- **Work task**
Output, word for word, the lines of this listing that fall between the line with "Stories from the" and the line with "Le monde de", counting both of those lines, and no others.

[Exercise data — start]

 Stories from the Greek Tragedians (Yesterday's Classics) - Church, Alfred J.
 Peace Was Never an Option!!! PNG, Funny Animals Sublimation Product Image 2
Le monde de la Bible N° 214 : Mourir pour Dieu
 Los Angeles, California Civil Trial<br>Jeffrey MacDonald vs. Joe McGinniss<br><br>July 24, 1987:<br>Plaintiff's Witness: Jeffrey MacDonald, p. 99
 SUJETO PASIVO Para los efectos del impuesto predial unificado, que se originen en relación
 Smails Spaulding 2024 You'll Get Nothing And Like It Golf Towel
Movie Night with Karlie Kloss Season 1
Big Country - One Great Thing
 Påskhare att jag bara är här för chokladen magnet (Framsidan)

[Exercise data — finish]
[Exercise data — start]

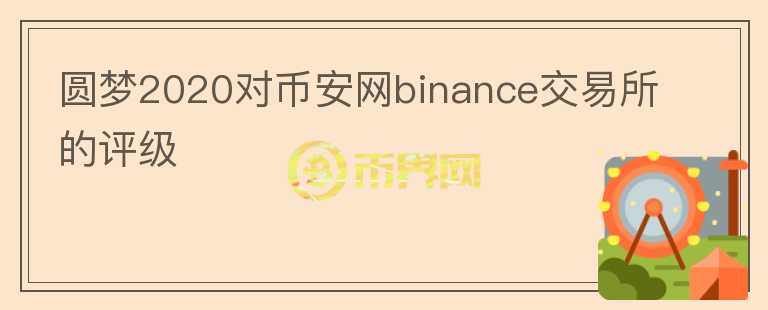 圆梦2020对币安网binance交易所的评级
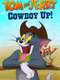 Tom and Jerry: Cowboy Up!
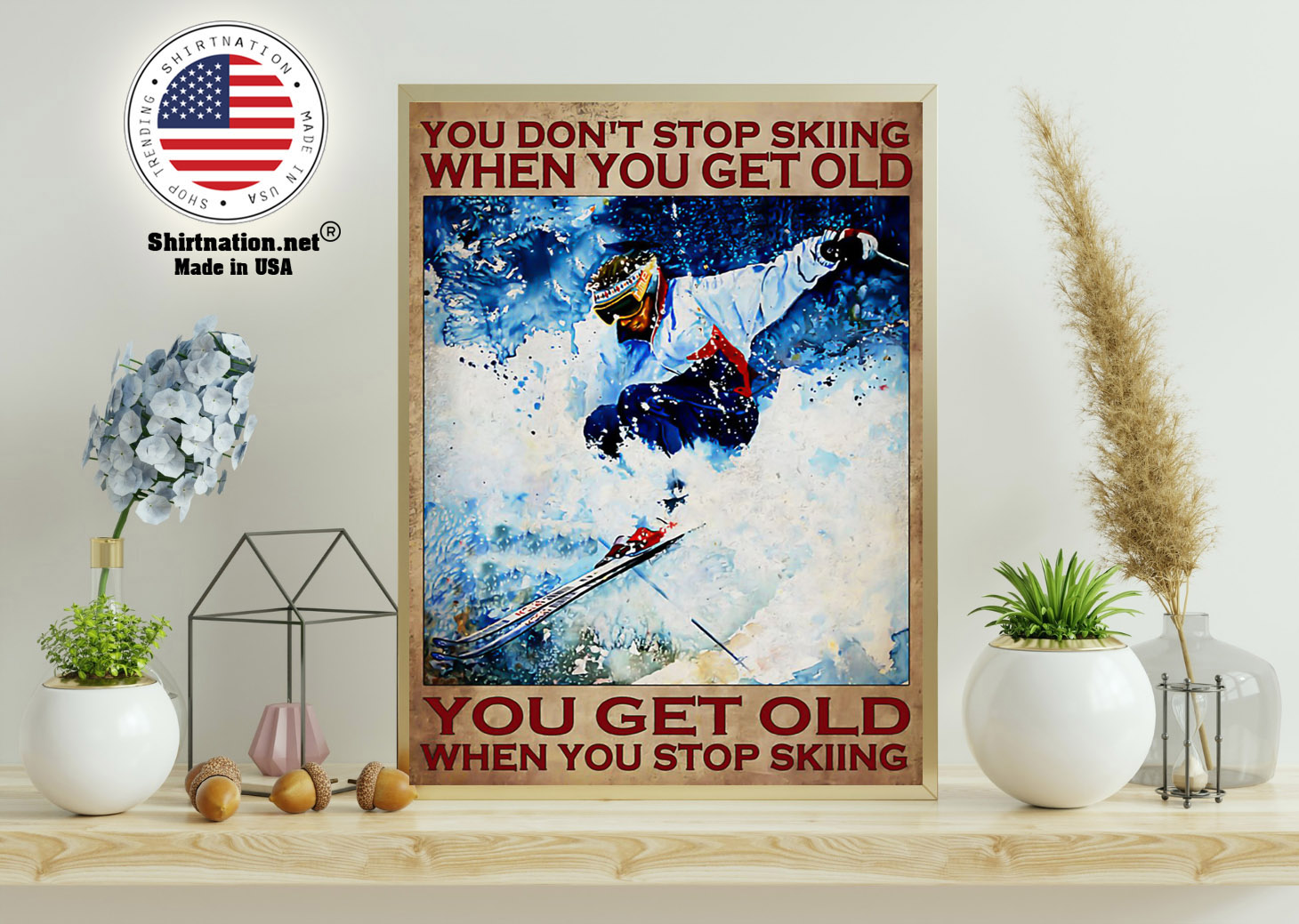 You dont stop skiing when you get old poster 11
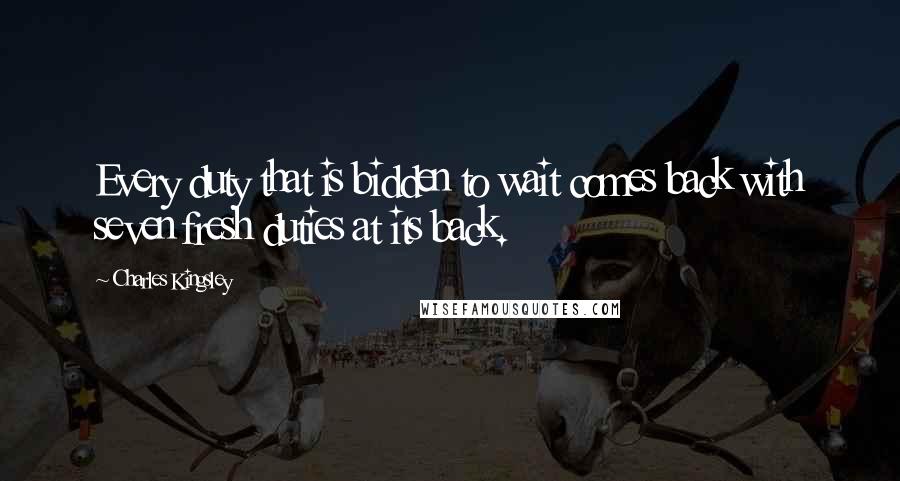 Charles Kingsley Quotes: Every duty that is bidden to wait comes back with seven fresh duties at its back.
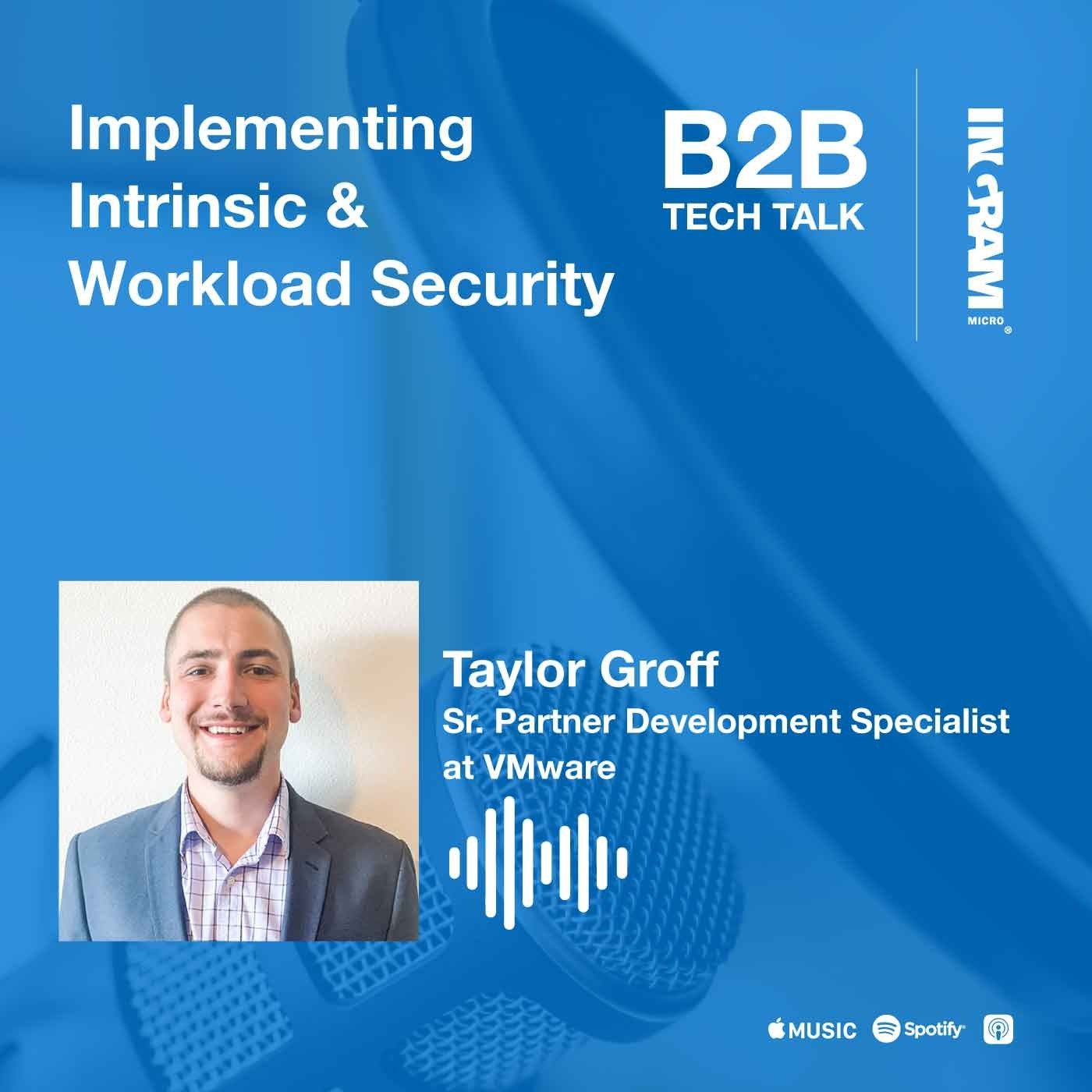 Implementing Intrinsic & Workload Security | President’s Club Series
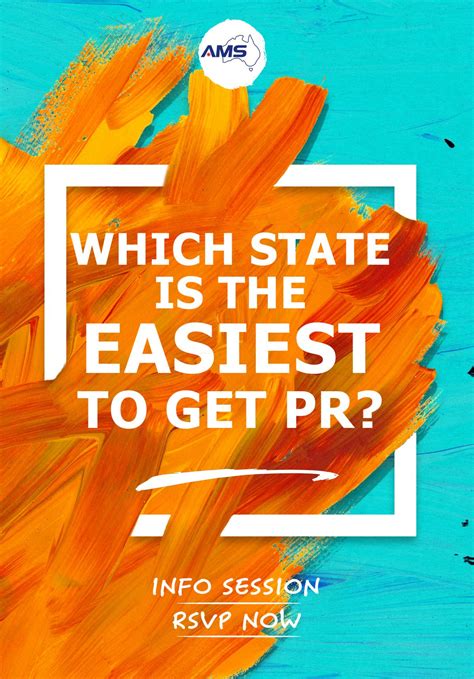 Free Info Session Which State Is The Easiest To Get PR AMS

[Exercise data — finish]
[Exercise data — start]

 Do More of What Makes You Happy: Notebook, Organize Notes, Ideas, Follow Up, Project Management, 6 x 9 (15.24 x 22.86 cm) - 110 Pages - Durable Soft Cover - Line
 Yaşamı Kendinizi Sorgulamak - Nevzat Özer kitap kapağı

[Exercise data — finish]

- **Task result**
 Stories from the Greek Tragedians (Yesterday's Classics) - Church, Alfred J.
 Peace Was Never an Option!!! PNG, Funny Animals Sublimation Product Image 2
Le monde de la Bible N° 214 : Mourir pour Dieu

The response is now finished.